Uplift Deputy Director Robert Palmer said:

“This is welcome news for millions of households as it shows the UK is starting to turn a corner on energy bills.

“Weaning ourselves off volatile gas is the only real long term route to affordable energy bills and last year we generated record-breaking amounts of renewable energy, with wind power cutting the wholesale cost of electricity by almost a third.
“Compare this to America where Donald Trump is blocking renewable energy and doubling down on fossil fuels, and electricity bills are rising.
“Today’s Price Cap shows we’re on the right path. It’s not just our bills that are benefitting from more renewables, our planet will too.
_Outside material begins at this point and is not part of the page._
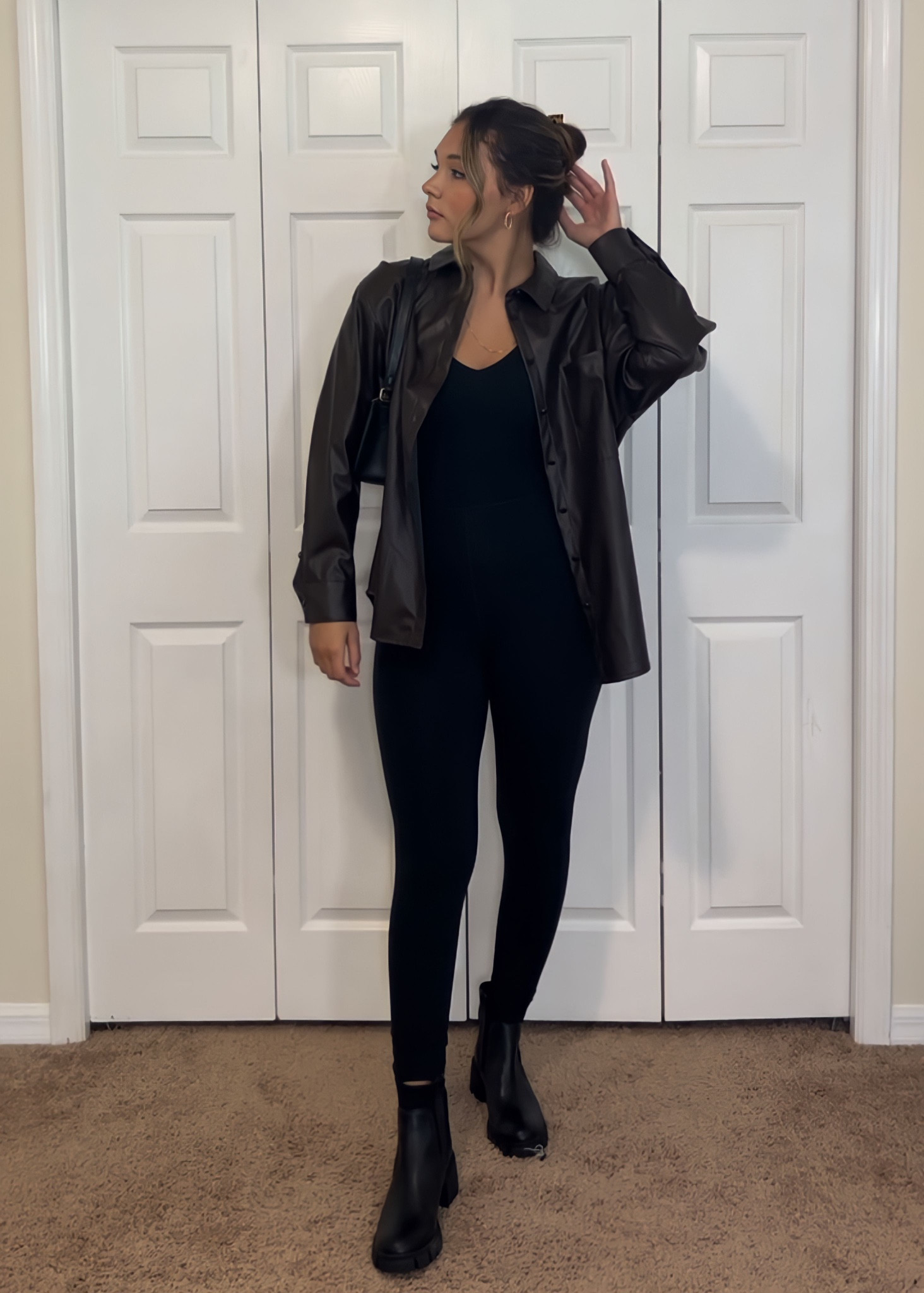 The best Black Friday deal from Target 🎯 !! This faux leather top is under $20!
This is a change that cannot come soon enough as already we’re seeing the impacts of climate change caused by our oil and gas dependency and the costs it imposes on everyone, whether that’s flooded homes and businesses or rising food prices.”

Energy bills likely to fall by over £100 from 1 April

Cornwall Insight’s latest price cap prediction would suggest average energy bills will fall by £117 from 1 April to £1,641.

This represents an increase from their previous prediction (£1,620), caused by the spike in gas prices earlier this year. If Ofgem confirms this prediction, it will still leave average energy bills £599 above pre crisis levels and £73 above the level at 1 July 2024.

A spokesperson for the End Fuel Poverty Coalition, commented:

“The April price cap will see one of the biggest changes in the make-up of energy bills in recent years.

Budget decisions to remove costs from bills and Government moves to alter how the Warm Home Discount is paid for, will mean changes across standing charges and unit costs. Even those on fixed tariffs will need to look carefully to check that energy firms pass on the changes and potential savings to these customers.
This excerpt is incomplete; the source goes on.